Today was a wild day.

Little bit of background, but I'm the founder of a little SaaS business (not super important). A couple days ago I released a new feature and created a product video demo'ing the new functionality. Posted it in various subreddits and needless to say, the video ended up being my top performing post of all time in terms of upvotes.

The post stays live for a day, i get a fair share of new subscriptions and traffic, but holy I was not expecting what came the next day (today).

Anyway, I go to sleep and wake up in the morning to probably $300+ in stripe notifications. Checked reddit, cuz I thought the post had just blown tf up (it hadn't). So then I check twitter and I do a double take because the first video I see on my feed is literally MY video. the video i posted on reddit, with like 150k views and climbing.

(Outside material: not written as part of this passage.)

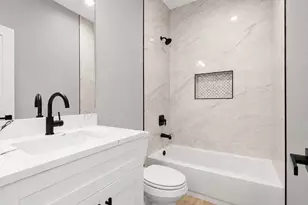 8403 Caddo Rd St, Houston, TX 77078 - Photo 13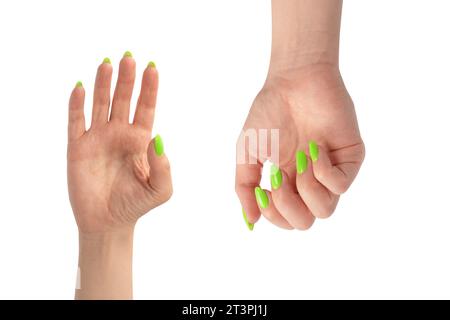 Die Hand einer Frau mit grünen Nolen hält ein winziges oder dünnes Objekt, isoliert auf weißem Hintergrund. Stockfoto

I keep scrolling on twitter, and there's another one! and another one! all showing off the video I had created for Reddit, probably collectively getting 600k+ views. It was unreal. Unfortunately, I don't really have a big presence on twitter, so none of them actually linked back to me or the site in any way except for one. So I had to leave a comment on each.

But, it paid off! Led to the stats you see above, which is my best day of sales to date!

Anyway, here's the stuff that actually matters which is what I (and hopefully you) can take away from this whole experience.

Prior to this, I thought reddit was really just a place to get initial users to your platform, but there's actually a pretty interesting growth loop that you can take advantage of which is: build a product feature, create a sick demo video for it, and then post about it on Reddit.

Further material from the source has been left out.